What you have to do: Every line of the material is to be transcribed verbatim, with images omitted.

___ Source data ___

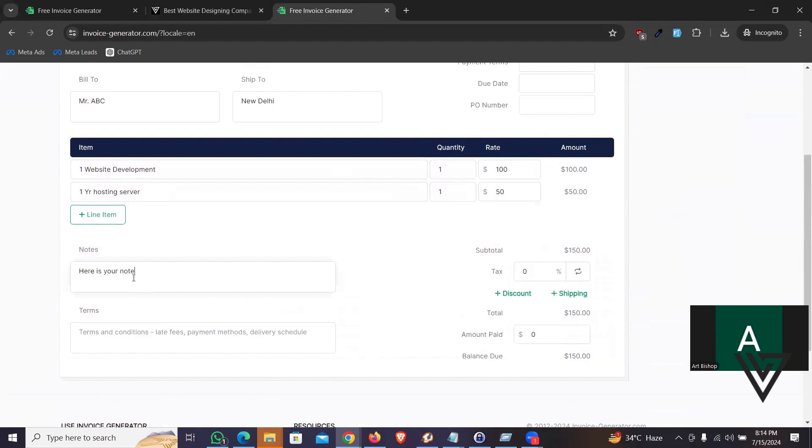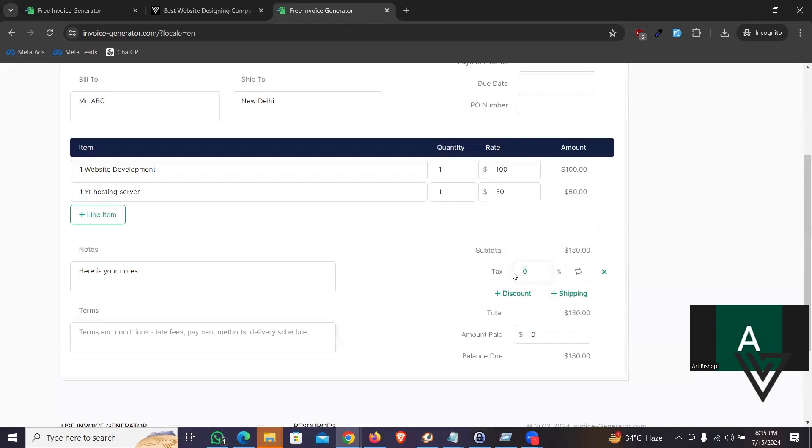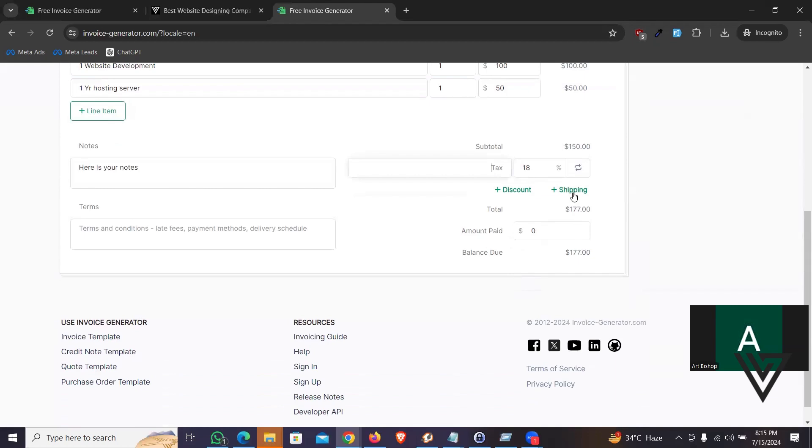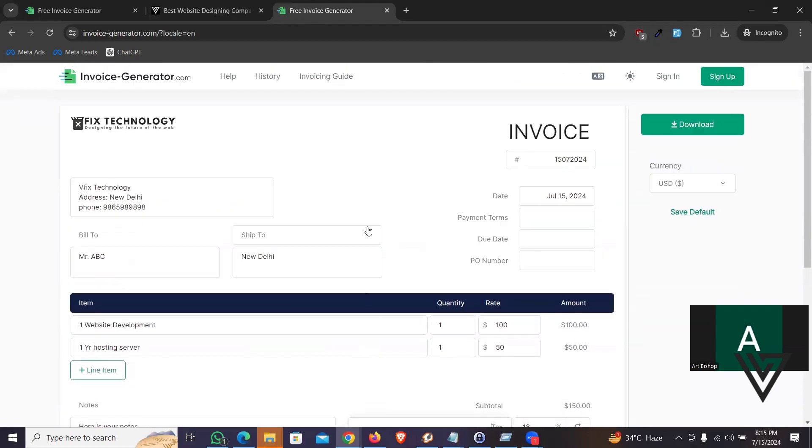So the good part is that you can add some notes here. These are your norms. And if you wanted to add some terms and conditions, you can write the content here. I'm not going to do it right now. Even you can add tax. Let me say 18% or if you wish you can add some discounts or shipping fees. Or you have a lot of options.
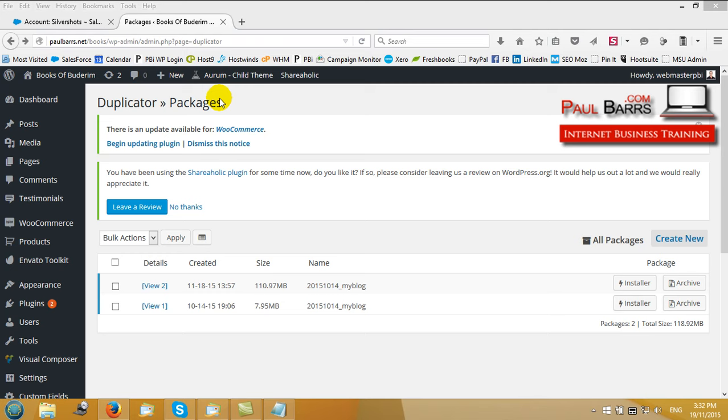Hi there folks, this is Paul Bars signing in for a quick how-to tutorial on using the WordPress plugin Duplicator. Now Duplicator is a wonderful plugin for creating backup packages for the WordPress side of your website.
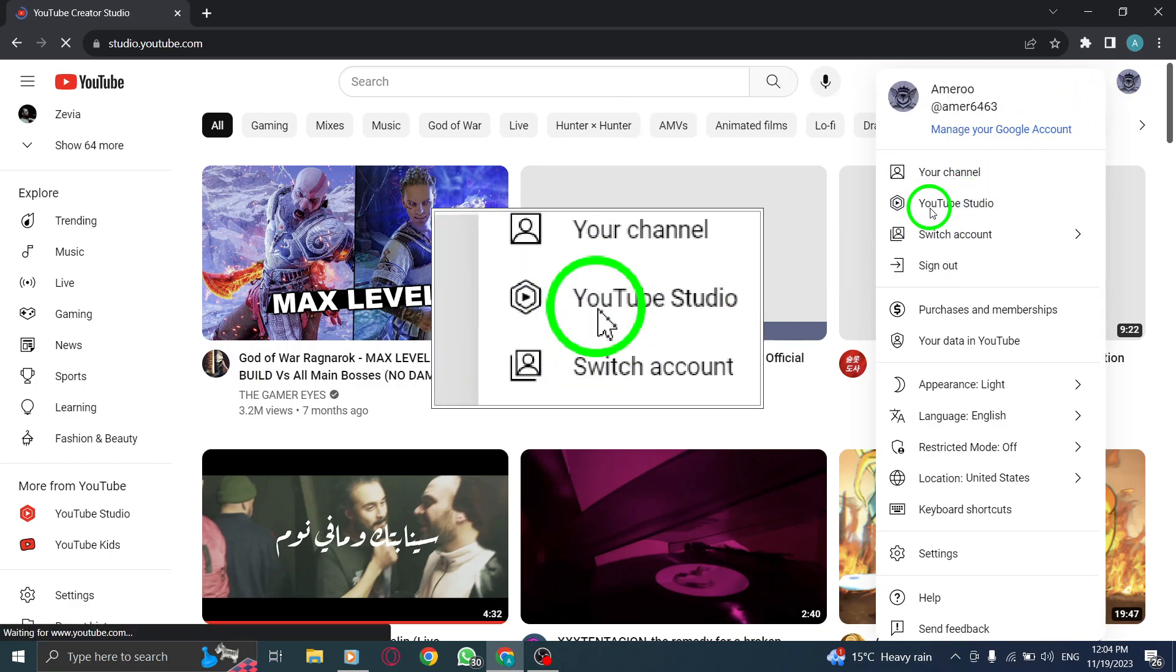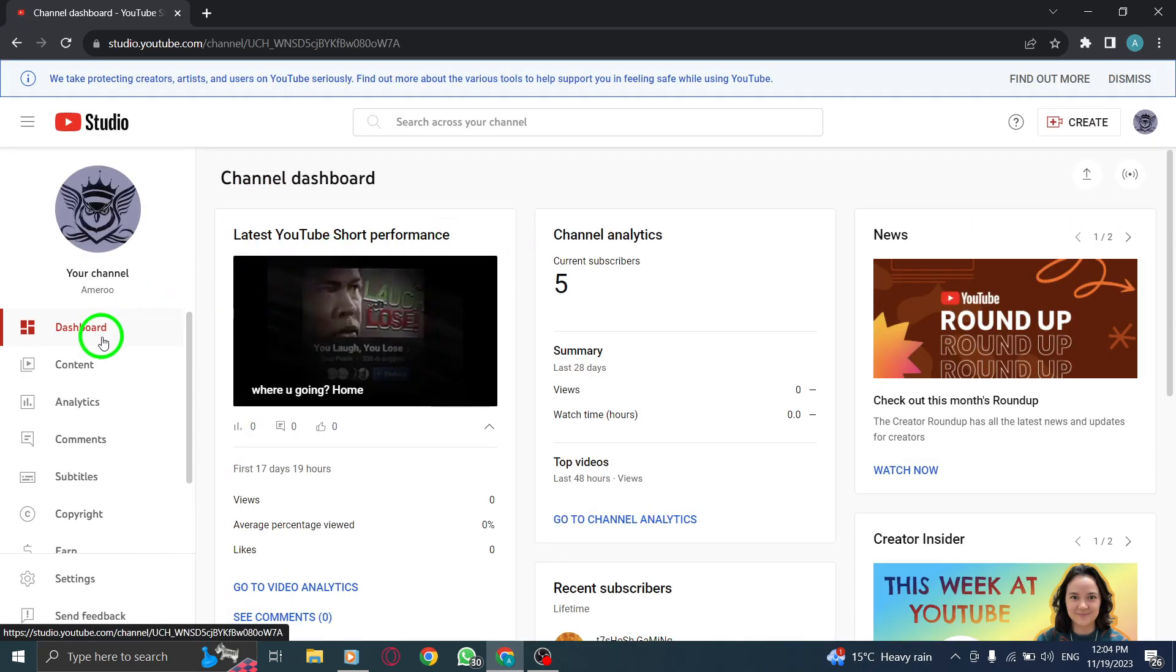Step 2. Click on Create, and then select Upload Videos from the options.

___

Problem solution:
So the good part is that you can add some notes here. These are your norms. And if you wanted to add some terms and conditions, you can write the content here. I'm not going to do it right now. Even you can add tax. Let me say 18% or if you wish you can add some discounts or shipping fees. Or you have a lot of options.
Hi there folks, this is Paul Bars signing in for a quick how-to tutorial on using the WordPress plugin Duplicator. Now Duplicator is a wonderful plugin for creating backup packages for the WordPress side of your website.
Step 2. Click on Create, and then select Upload Videos from the options.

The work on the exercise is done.